Here are some best practices for those driving to warmer winter climates


After they retired, every November, my parents drove from Cleveland to St. Petersburg, Fla., a 1,100-mile trip down I-71 and I-75, popular corridors for wintering snowbirds heading south.

Once, early in the morning, they pulled into a fast-food restaurant off the highway. When my mother drove into the parking lot, she noticed only one car there and the two men inside didn’t appear to be eating. Mom’s instinct told her not to get out of the car, so she got back on the road and found another place. She felt relieved.

Every winter, thousands of retired “snowbirds” like my parents leave their homes up north and drive south. While following one’s intuition or “feelings” is a good idea, there are some specific ways to stay safe on the road, where a number of very real risks lurk.

Adele Phelan and her husband, Gerry, both retired and in their early 80s, live in Denver and travel to Scottsdale, Ariz. in the winter. Adele reminds fellow snowbirds that “Being safe on the road is in many ways just like being safe at home.”

On one trip, the couple saw a driver on the side of the road who appeared to be having car trouble. While Adele considered stopping to offer help, Gerry suggested they not do so, just to ensure their own safety.

“You need to decide if it is wise to stop and help,” Adele says, “and we decided not to.”

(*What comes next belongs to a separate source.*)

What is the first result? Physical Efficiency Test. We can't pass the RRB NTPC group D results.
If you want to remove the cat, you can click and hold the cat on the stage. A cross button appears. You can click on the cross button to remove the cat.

12 Tips for Safety on the Road

Craig Vedder, a technical sergeant with the School and Community Outreach Unit for the New York State Police in Albany offers the following tips for snowbird travelers this winter:

1. Stay alert and be aware of your surroundings. Scan the area, especially before exiting your car. Look for a secure, well-lit area.
2. Know your location. Major highways have mile markers. These can be helpful and assist in quickly locating you or an incident you’re reporting.
3. As the Phelans decided, don’t stop for a motorist who’s waving for help. Instead, call 911, report what you observed and trust that help is on the way.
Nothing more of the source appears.